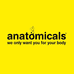 ANATOMICALSWEONLYWANTYOUFORYOURBODY个人护理旗舰店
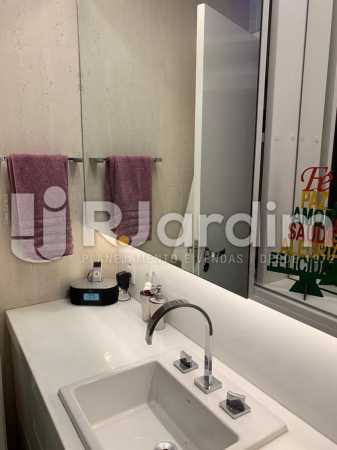 Conheça suite do imóvel - Apartamento Leblon 4 Quartos - LAAP40827 - 11 suite - Apartamento Leblon 4 Quartos - LAAP40827 - 11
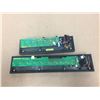 Image 2 : (2) Fanuc A05B-2450-C002 w/ A05B-2400-C015 Control Panels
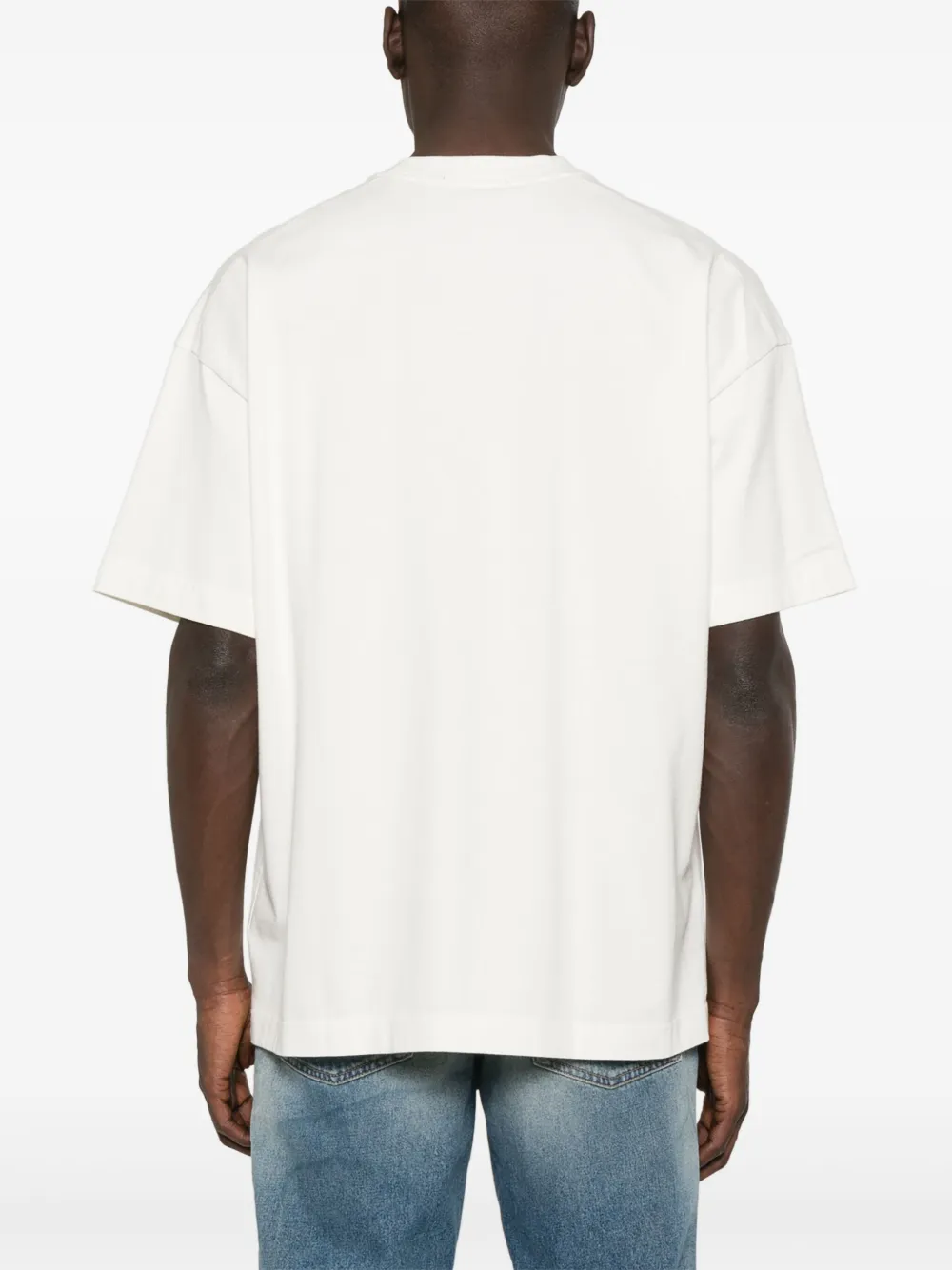 Cole Buxton Cb International T-shirt In White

=====

WHAT IS NEEDED
Set down the data exactly as it appears, without any images.

YOUR RESPONSE
 ANATOMICALSWEONLYWANTYOUFORYOURBODY个人护理旗舰店
 Conheça suite do imóvel - Apartamento Leblon 4 Quartos - LAAP40827 - 11 suite - Apartamento Leblon 4 Quartos - LAAP40827 - 11
 Image 2 : (2) Fanuc A05B-2450-C002 w/ A05B-2400-C015 Control Panels
 Cole Buxton Cb International T-shirt In White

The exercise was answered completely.